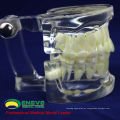 DENTAL11 (12571) Humano Adulto Natural Tamanho Transparente Padrão Dental Ensinar Modelos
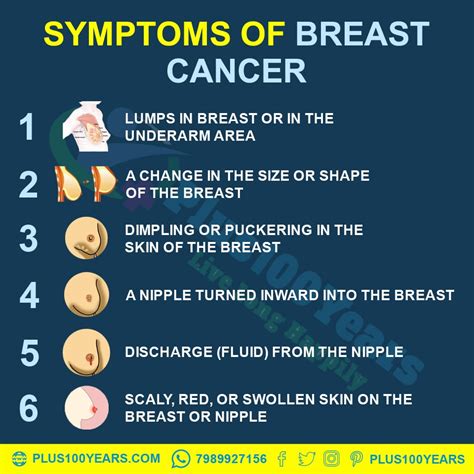 What Are The Causes Symptoms And Prevention Of Breast Cancer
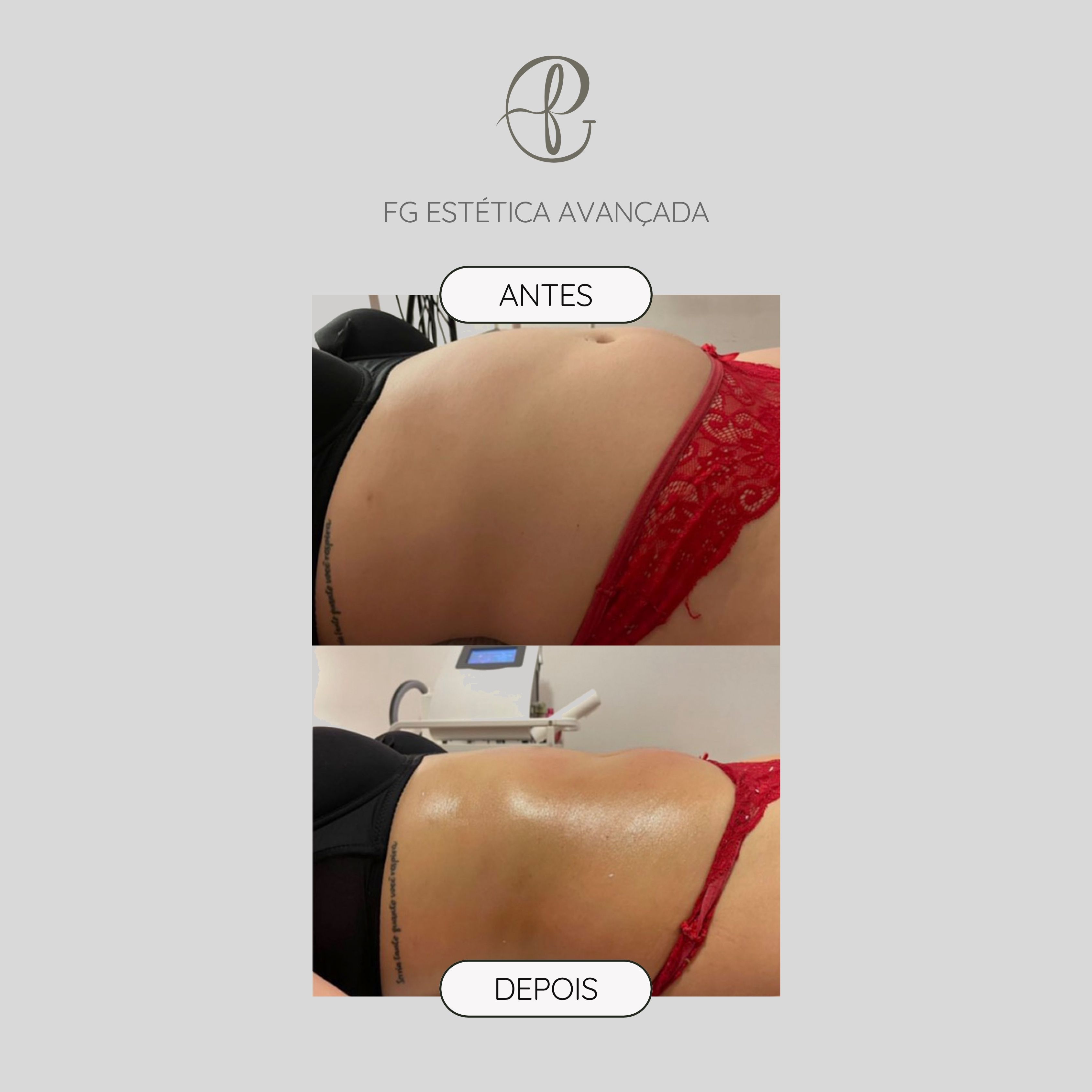 Resultado antes e depois do protocolo de contorno corporal — abdómen na FG Estética Avançada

__________

* **Aim of the task**
Repeat verbatim all the material, but not the pictures.

* **Response below**
 DENTAL11 (12571) Humano Adulto Natural Tamanho Transparente Padrão Dental Ensinar Modelos
 What Are The Causes Symptoms And Prevention Of Breast Cancer
 Resultado antes e depois do protocolo de contorno corporal — abdómen na FG Estética Avançada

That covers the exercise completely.